I have spent a great deal of time learning how to cope. In the beginning I was a mess. 9 years ago when I entered this life, I thought to myself, " How hard can it be?" Reality is a fickle bitch. In the beginning it was life as normal; scary at times, but normal. And then 'Murphy's Law of Deployments' came a' knocking. In short, if it was gonna happen, it will happen during their absence. And it did. I learned A LOT. And it was a hard lesson.

But five deployments later - I had my shit together. I learned my lessons. I found ways to cope. I had this.
But Murphy's Law of Deployments wasn't done with me yet. Not by a long shot.

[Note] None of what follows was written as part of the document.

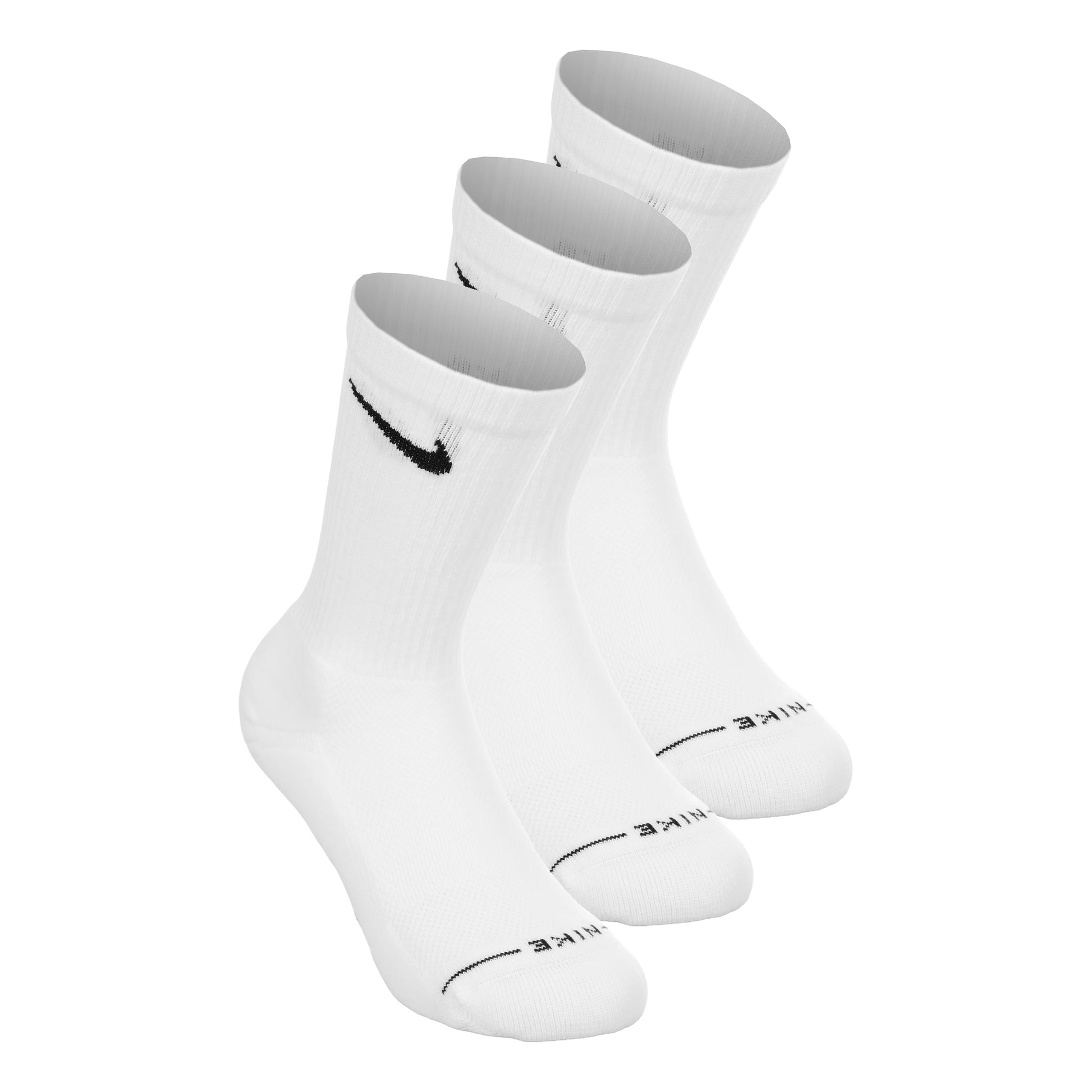 Nike Crew Tennis Socks 3 Pack Unisex - white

I hope my regular readers - namely my regular civilian friends - will understand why I cannot say what the particular situation is; but know that it isn't out of some miss placed distrust that I don't tell you. It has much more to do with the fact that, as a military spouse there are certain things that should not be said in online forums and in the scheme of things don't need to be said. I hope you understand.

With that said - the past few weeks have been a bumpy ride. And my old friend 'stress' has shown up as my wingman.

Stress is a strange thing. In most cases I don't even realize that it is a factor in my coping skills or associated health. I rarely notice when I am dealing with stress - I just get on with it and suffer no repercussions to my health. Not so much now. Maybe that means I'm getting old?
Difficulty sleeping, loss of appetite, over consumption of caffeine and nicotine and general inability to focus. Yep. That's my old friend stress. Well played my friend, well played.

I suppose recognizing the warning signals is part of the battle. I know it is there and I know what to do to counteract it. But ultimately, the true 'cure' to what ails me will be the arrival of my husband. Safe and sound. In our home. With us.

Until that time I will plod along.
Pour another cup of Joe.
And smile.....
Not much else I can do....but say this....

He's coming home.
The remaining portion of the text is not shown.